For the summer school we made it our central goal to teach a new generation of environmental scientists how to work across disciplines and develop approaches that integrate all three disciplinary perspectives and approaches in order to solve environmental science problems. We did this through two unique aspects of the summer school. First, we emphasized synergistic co-development of the entire curriculum, including both lectures and trust-a-thon, by a team of experts spanning the three disciplines of environmental science, AI, and social science. While prior AI2ES summer schools and courses have also sought to teach these three elements together, this year we took the co-development and integration of these three topics to an entirely new level, which we believe was possible only now, thanks to our two years of extensive experience of integrating these topics in our AI institute activities (founded in 2020).
The second aspect is the development of an innovative trust-a-thon component that focused on evaluating machine learning models from a user-centered perspective while integrating tools and perspectives from the three disciplines. In contrast, most ML hackathons focus on developing and tuning ML models against a single performance metric that may not align with operational usefulness. The trust-a-thon activities encouraged participants to embrace a more holistic view of model quality and how well the ML models presented were fit for purpose. Furthermore, the user persona component helped us demonstrate the importance of user-centered development and give students the opportunity to put the ideas into practice.
Finally, it should be mentioned that in our experience the development of such a synergistic curriculum tends to be much more time consuming than developing a more segmented curriculum. That is because experts from all disciplines need to be involved in the planning of all lectures and trust-a-thon activities. Thus, the development of slides and materials for different days could not just be split and delegated to subgroups early on. Instead, the team had countless meetings among the entire group to coordinate development, followed by subgroup development and large group review. Overall, the preparation required much more time from a larger team than we had anticipated, but we are delighted by the feedback we received from participants about the unique perspectives they learned in this unique setting, which made our effort worthwhile.
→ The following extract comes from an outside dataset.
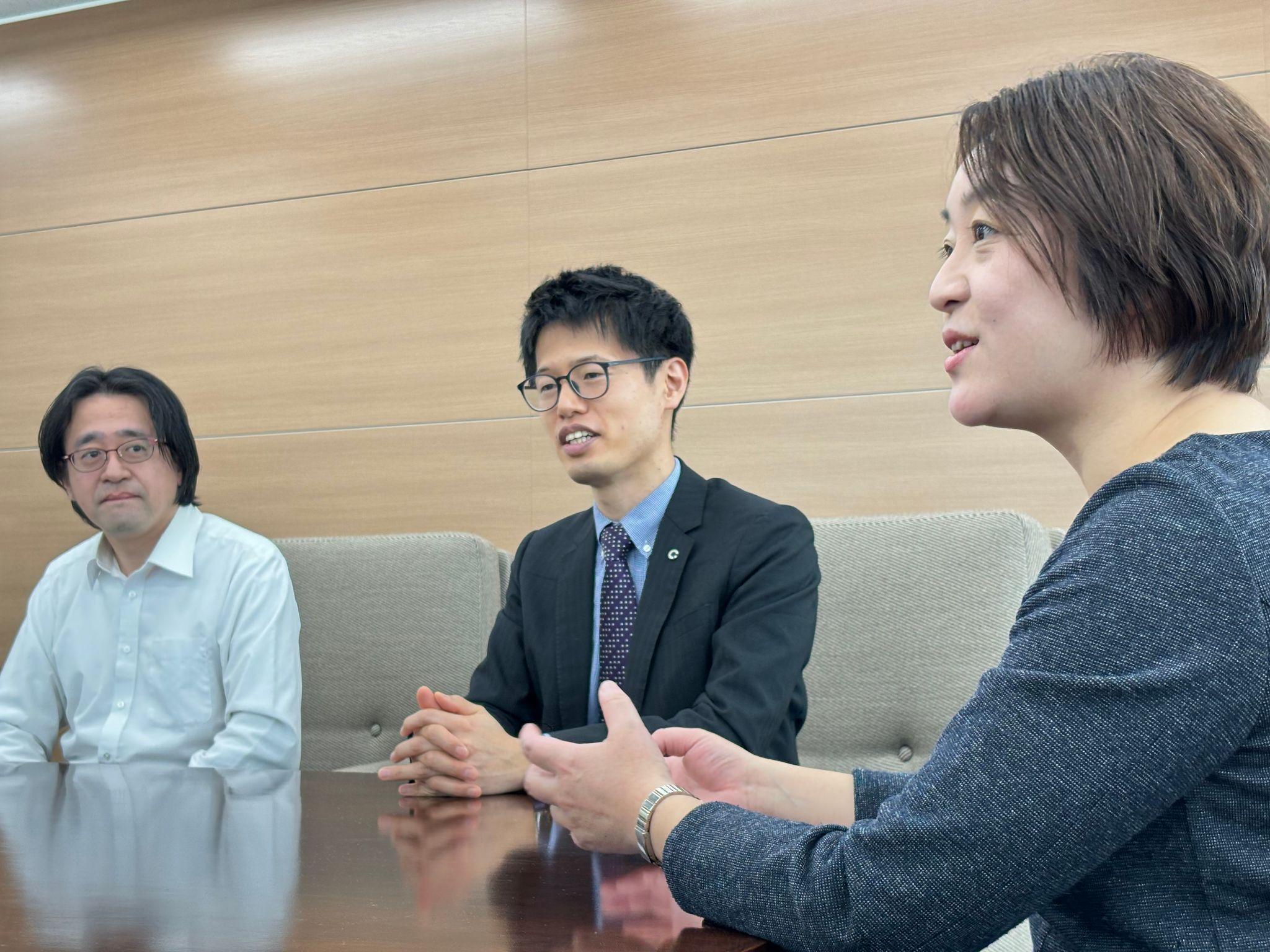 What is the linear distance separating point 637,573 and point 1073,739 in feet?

We offer to the readers a few lessons learned about things that we tried that also did not work over the course of several years of summer school. The biggest lessons center on maintaining interest and attendance throughout the week. While the online mode is successful in bringing people from around the world, it also means that people often drop off quickly in participation as the week goes on. This becomes especially obvious if the sessions take too many hours. We are not suggesting that in-person interaction is required, as online provides much greater inclusivity, but instead that designers of such summer schools ensure that there is a strong interactive component to maintain interest and that the sessions do not stretch so long that they lead to meeting fatigue. Another aspect to reducing the drop-off is to ensure that participants understand the expectations and prerequisite knowledge that is expected of them. Our first offering of the summer school in 2020 focused on a more introductory approach and our later offerings assumed that participants had much of this introductory background. While this worked for the majority of participants, some participants expected to be focused on introductory material again. Ensuring that everyone understands the expectations ahead of time will help address this.
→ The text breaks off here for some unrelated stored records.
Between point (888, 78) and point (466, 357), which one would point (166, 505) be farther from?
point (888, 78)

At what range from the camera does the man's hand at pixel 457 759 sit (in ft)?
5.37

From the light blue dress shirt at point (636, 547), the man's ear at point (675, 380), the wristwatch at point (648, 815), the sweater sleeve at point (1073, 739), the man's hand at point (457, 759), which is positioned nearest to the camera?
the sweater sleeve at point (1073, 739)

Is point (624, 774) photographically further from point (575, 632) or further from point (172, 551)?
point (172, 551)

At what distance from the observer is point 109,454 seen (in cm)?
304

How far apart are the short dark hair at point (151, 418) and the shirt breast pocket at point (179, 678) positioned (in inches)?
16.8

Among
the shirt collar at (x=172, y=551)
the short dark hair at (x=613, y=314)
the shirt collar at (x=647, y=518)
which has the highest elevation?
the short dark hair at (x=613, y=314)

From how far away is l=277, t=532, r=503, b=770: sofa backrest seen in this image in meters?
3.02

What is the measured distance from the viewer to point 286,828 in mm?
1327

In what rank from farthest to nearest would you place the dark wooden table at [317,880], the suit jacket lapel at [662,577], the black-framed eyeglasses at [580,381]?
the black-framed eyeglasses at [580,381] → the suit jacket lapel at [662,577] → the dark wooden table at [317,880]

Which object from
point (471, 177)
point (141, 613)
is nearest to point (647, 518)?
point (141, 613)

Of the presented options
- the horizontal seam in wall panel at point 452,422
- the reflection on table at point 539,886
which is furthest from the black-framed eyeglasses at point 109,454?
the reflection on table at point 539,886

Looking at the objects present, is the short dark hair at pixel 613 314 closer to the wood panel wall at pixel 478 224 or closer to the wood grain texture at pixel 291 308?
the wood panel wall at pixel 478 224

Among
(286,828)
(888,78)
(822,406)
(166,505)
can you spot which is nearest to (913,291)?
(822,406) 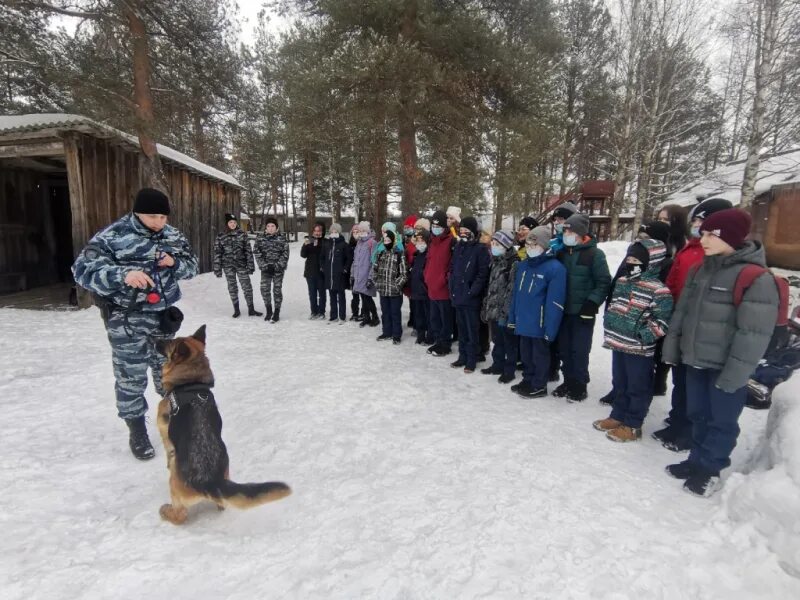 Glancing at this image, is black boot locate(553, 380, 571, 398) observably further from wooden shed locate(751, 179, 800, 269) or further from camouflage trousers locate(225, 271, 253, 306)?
wooden shed locate(751, 179, 800, 269)

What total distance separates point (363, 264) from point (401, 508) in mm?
5600

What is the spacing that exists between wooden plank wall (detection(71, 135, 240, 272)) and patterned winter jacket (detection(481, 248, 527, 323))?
854cm

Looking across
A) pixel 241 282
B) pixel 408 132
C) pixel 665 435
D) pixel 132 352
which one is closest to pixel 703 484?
pixel 665 435

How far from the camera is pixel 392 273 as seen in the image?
6.92 meters

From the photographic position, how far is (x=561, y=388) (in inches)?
184

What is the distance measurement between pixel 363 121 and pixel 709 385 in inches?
331

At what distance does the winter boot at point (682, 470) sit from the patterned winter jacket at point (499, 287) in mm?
2270

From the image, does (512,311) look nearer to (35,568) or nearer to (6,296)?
(35,568)

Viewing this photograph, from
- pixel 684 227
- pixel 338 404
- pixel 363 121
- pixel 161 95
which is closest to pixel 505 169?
pixel 363 121

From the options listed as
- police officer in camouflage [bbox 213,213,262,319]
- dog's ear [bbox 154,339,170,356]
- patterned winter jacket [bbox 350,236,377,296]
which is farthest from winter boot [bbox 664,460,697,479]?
police officer in camouflage [bbox 213,213,262,319]

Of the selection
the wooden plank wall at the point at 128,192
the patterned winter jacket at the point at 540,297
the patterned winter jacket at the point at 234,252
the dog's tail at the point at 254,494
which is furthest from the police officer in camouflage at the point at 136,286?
the wooden plank wall at the point at 128,192

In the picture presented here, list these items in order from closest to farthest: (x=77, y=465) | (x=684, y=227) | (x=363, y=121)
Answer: (x=77, y=465) → (x=684, y=227) → (x=363, y=121)

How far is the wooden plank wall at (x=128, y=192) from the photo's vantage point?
9008 millimetres

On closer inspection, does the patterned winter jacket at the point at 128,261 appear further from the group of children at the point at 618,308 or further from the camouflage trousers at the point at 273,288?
the camouflage trousers at the point at 273,288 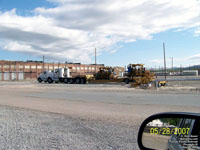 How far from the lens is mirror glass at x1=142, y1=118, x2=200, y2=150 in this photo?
217 centimetres

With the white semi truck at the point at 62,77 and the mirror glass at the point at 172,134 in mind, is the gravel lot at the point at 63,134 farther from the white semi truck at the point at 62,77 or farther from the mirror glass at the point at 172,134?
the white semi truck at the point at 62,77

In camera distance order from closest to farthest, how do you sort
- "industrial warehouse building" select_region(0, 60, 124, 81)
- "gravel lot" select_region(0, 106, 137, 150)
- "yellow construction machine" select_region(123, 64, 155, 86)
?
"gravel lot" select_region(0, 106, 137, 150) → "yellow construction machine" select_region(123, 64, 155, 86) → "industrial warehouse building" select_region(0, 60, 124, 81)

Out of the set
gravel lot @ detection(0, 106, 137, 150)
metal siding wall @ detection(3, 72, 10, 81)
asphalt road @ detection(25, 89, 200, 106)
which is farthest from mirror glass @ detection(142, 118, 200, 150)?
metal siding wall @ detection(3, 72, 10, 81)

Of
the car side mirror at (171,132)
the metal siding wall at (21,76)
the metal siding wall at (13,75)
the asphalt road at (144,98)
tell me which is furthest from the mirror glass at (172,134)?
the metal siding wall at (21,76)

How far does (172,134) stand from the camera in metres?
2.55

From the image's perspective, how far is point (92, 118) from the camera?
9008 millimetres

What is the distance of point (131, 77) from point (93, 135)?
29.8 m

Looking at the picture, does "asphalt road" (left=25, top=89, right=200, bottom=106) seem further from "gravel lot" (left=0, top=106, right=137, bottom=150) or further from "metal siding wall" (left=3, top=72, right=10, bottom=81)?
"metal siding wall" (left=3, top=72, right=10, bottom=81)

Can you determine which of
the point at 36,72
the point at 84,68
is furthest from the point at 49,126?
the point at 84,68

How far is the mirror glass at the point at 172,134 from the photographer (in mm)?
2166

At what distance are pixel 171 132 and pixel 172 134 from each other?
0.05 m

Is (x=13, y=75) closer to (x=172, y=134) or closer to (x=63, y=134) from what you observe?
(x=63, y=134)

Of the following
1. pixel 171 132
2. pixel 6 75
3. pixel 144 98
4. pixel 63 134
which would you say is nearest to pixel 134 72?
pixel 144 98

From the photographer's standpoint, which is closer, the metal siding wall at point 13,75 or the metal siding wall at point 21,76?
the metal siding wall at point 13,75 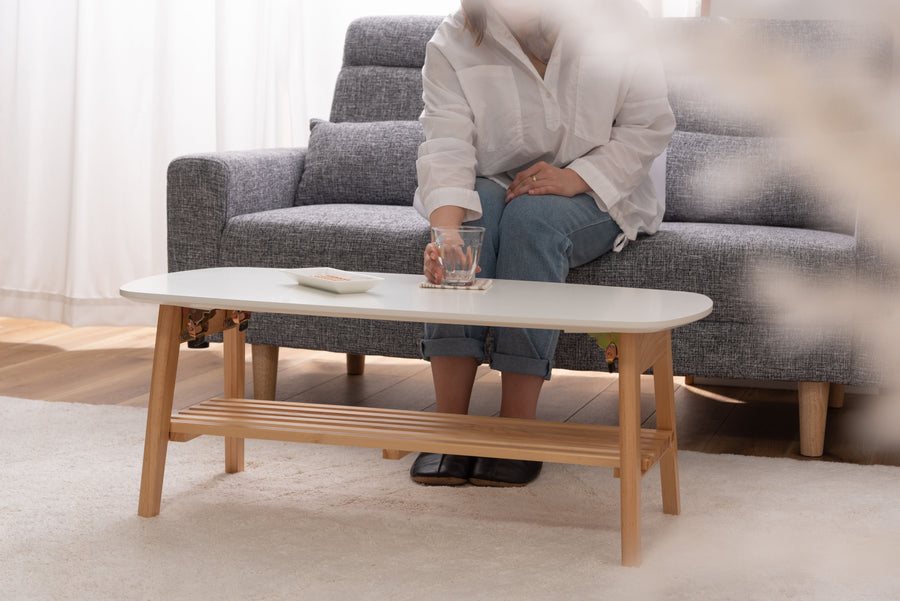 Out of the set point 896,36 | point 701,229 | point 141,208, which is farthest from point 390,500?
point 141,208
Additional lessons learned focus on the global nature of an online summer school. If a hackathon or trust-a-thon type of approach is to be included, the worldwide nature of the audience makes it critical that teams are formed in local time zones and that teams have people from around the world who can answer questions at their local times. With participants from around the world but all of the instructors residing in the United States, we did not meet the needs of the participants in opposite time zones in a timely manner as we were often asleep when they had questions. Embedded in this is a critical additional lesson, timely feedback is crucial to maintaining interest and engagement in an online course. For example, one of the facilitators for the tropical use case engaged with the team blog posts each day with constructive feedback, resulting in higher engagement for that use case throughout the week.
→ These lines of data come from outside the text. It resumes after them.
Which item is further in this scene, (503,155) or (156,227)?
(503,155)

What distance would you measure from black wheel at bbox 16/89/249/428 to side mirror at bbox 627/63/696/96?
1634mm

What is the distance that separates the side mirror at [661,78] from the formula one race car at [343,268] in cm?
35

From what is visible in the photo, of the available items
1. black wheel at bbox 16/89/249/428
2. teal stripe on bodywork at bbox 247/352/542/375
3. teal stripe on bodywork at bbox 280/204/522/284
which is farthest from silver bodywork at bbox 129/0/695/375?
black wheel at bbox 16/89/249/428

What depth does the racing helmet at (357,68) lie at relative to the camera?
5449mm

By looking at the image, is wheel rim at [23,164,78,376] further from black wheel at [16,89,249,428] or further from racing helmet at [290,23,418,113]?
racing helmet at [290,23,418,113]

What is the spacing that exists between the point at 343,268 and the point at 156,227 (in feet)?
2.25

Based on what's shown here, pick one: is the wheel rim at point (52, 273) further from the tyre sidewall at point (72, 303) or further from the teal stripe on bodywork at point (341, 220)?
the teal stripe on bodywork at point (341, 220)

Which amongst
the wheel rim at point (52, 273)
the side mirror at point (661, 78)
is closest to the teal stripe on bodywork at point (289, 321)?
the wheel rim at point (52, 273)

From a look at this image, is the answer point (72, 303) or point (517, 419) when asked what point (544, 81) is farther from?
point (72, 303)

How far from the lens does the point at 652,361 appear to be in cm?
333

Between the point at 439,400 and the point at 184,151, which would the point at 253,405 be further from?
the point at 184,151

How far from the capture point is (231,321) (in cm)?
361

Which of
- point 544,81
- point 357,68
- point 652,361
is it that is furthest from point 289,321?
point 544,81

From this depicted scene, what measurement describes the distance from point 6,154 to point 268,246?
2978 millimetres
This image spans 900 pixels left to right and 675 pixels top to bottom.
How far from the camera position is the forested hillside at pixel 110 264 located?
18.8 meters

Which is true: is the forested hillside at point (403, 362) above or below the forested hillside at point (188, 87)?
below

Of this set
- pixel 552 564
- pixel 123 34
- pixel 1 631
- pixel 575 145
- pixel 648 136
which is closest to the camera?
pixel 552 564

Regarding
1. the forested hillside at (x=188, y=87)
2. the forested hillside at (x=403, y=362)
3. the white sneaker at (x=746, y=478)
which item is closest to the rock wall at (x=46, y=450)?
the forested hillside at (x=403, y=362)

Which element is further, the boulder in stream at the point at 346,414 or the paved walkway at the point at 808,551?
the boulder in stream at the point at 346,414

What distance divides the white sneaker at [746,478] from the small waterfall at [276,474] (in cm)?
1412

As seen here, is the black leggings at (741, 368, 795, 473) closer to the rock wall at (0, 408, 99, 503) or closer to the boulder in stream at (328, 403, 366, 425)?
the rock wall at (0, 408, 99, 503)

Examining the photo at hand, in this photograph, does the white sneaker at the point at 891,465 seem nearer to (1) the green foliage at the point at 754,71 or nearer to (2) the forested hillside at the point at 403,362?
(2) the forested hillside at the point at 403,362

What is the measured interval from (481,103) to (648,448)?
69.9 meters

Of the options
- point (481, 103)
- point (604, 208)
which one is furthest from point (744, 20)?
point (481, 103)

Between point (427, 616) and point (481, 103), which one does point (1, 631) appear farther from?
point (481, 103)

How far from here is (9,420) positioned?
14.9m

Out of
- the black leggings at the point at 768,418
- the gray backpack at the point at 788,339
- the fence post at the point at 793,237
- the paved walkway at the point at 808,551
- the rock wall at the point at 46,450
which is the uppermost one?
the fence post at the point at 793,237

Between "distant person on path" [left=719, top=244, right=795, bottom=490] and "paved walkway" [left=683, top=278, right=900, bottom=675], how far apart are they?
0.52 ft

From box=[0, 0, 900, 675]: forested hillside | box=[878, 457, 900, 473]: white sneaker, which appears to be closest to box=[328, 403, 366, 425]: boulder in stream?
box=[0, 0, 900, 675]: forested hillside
Finally, it is important for all of the people creating the course to realize up-front that doing a course such as this is a significant time investment and should be recognized as such on annual evaluations. For example, a summer course such as this does not typically count as a course load for a faculty member but it should be recognized either as an overload course or as a service offering to the community.
Summer school evaluation
The entire summer school had an impact on my learning because the lectures were clear, and I think they were meticulously organized, … and most of what I learned from the summer school, I learned from the lectures. –Attendee
It is not possible to give an in-depth learning in a short period of time, but their training is tremendous, and I’m totally fascinated by the kind of breadth they provide. … So that is what I feel is the major contribution of summer school, to make you aware that these kinds of ideas are there. –Attendee
I also like the idea of the personas because it gave you an example, a user that you’re trying to provide this model for. To build this model for, let’s say, someone working in a meteorology center or something like that, and this is a person going to be using the model that you’ve built. So having this understanding of how to relay information to them was an amazing thing, that I think a key takeaway that we all would’ve gotten from the sessions altogether. –Attendee
As with the lectures, the trust-a-thon overall was rated well with a few adjustments suggested for future years (expected since this was our first year of trying a trust-a-thon instead of a hackathon).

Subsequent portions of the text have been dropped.